Le sigh. In the mean time, I've been getting my creativity fix from adding video/audio to my blog. Hopefully I'll soon come back to the WIP with renewed creativity 😉
I loved reading through your list of things to do to keep your creative juices going when you are not writing.
*whew* Lots of things!
I read with great interest about playing the piano. My Mom played for the church throughout our childhood and she practiced often. Those songs play throughout my head now and all through my life. I still see myself walking across the missile deck on a ship in the middle of the night, a .45 slung on my side as I protected nuclear warheads from theft, singing those old songs to the beat of Mom's playing!
Have you thought of buying a portable Piano Keyboard? They don't take up a lot of room for you can stow them standing on end and then unfold the platform and plug it in when you are reading to play.
I work on my inventions or other electric and mechanical things when I am not writing. I also take my books to read and study.
Anyway, I loved reading your blog! Thanks for sharing.
I've been trying to slowly teach myself to sketch because I have fleeting pipe dreams of illustrating textbooks (or just educational blog posts) one day. Due to my limited time, it's not going very well.
What's going great is my love for foreign languages. Thanks to Duolingo, I've managed to become semi-fluent in Portuguese over the last year. It's how I keep creative.
I find it’s easier to work with an empty page when I wake up. When I’m writing-heavy, I try to wake up early before work and write three pages in a distraction-free environment. When I come home, I go through the ideas and build on what morsels are working.
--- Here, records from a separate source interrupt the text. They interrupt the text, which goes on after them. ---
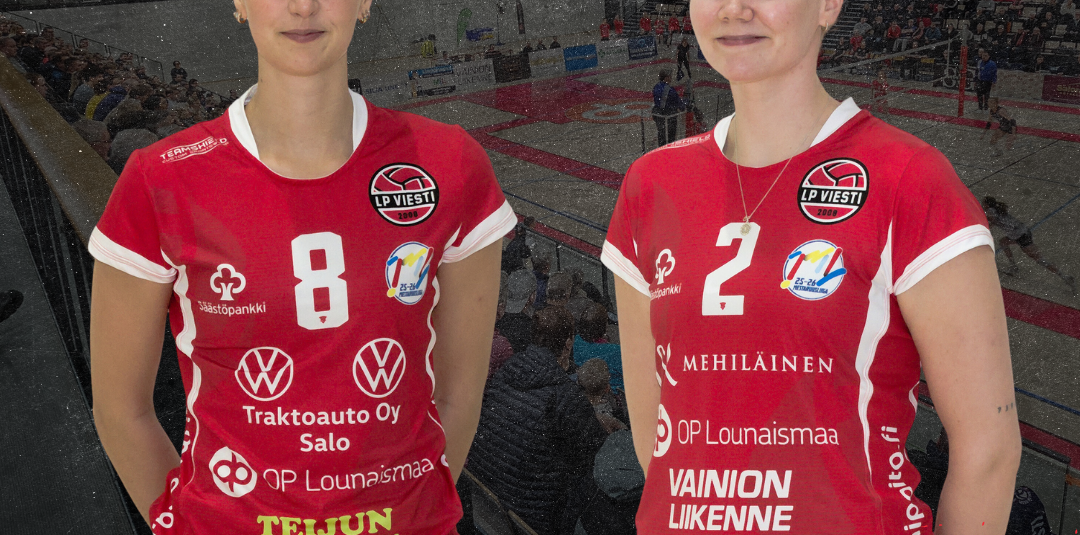 LP Viestin Autere ja Riikilä joulukuun Kuukauden tähdistöön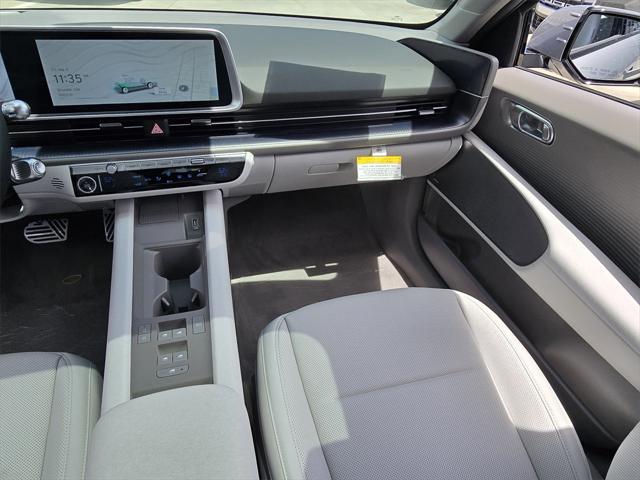 new 2025 Hyundai IONIQ 6 car, priced at $53,410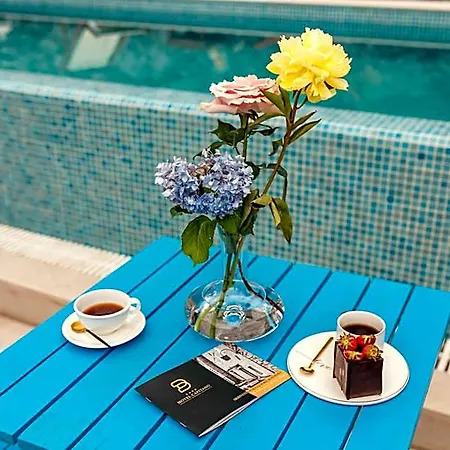 Hotel Boutique Heritage Blanc & Bleu - Capitano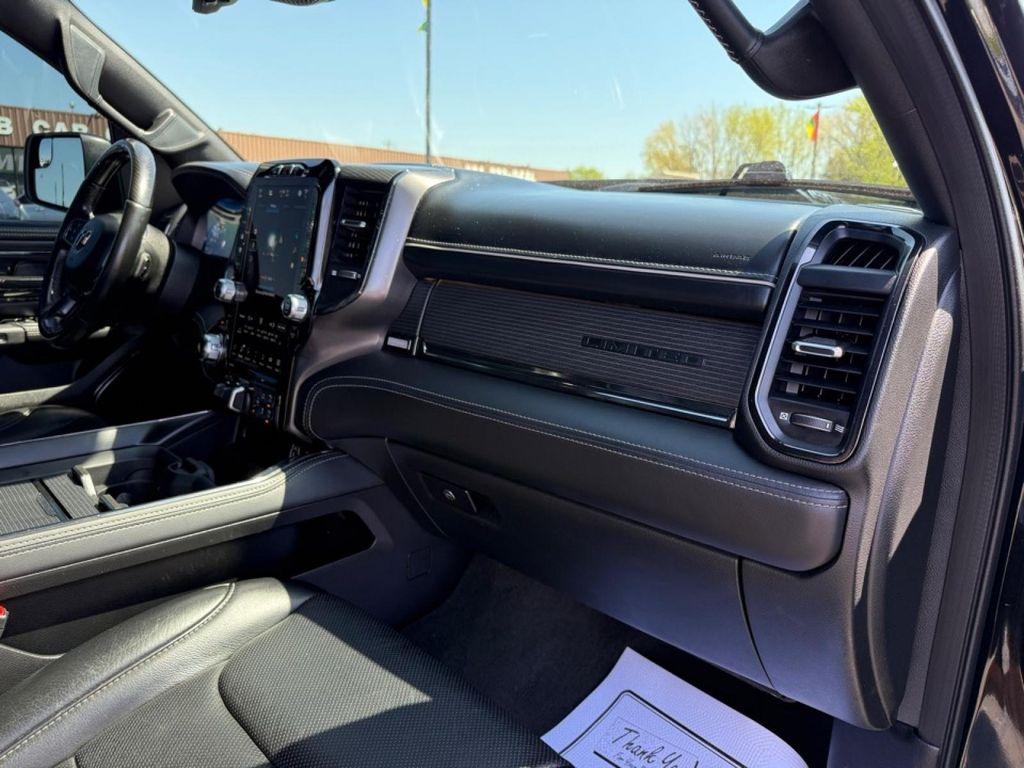 used 2022 Ram 1500 car, priced at $40,952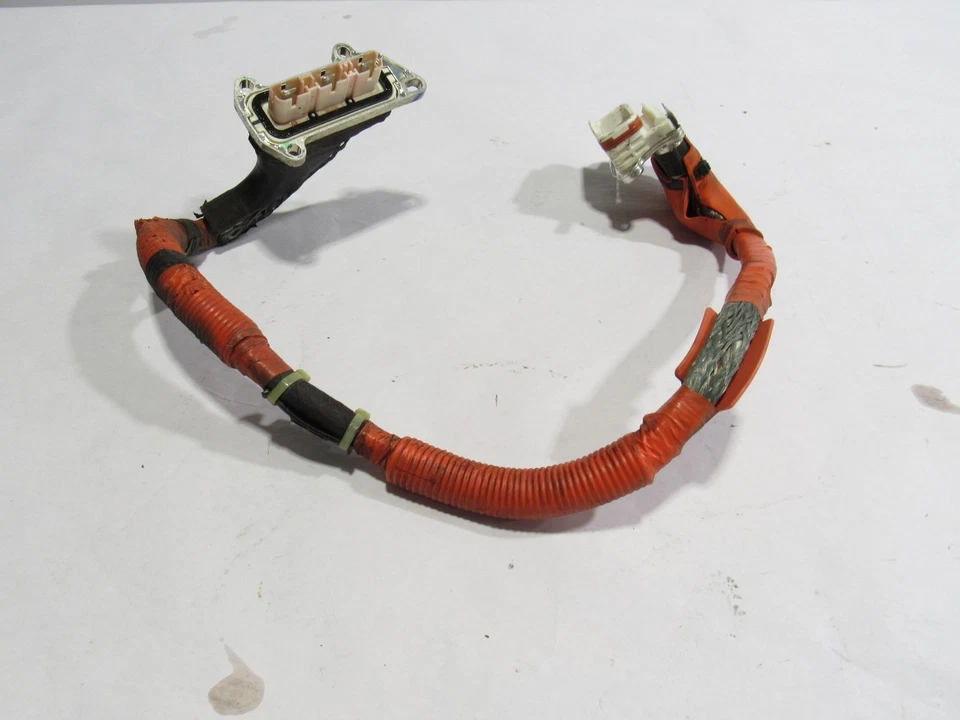 13-18 雷克萨斯 ES300H 2015 混合电池线束电缆;:A — 第 3/4 张图片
Good thoughts on writing on paper, but it can be time intensive to copy those down onto a computer. Have you considered trying a distraction-free device? My wife and I use a Pomera DM20 when we don’t want distractions or while we travel. The keyboard is in Japanese, but the UI can be toggled to English and is easy enough to figure out, with a little practice. I plan on posting instructions to our blog soon.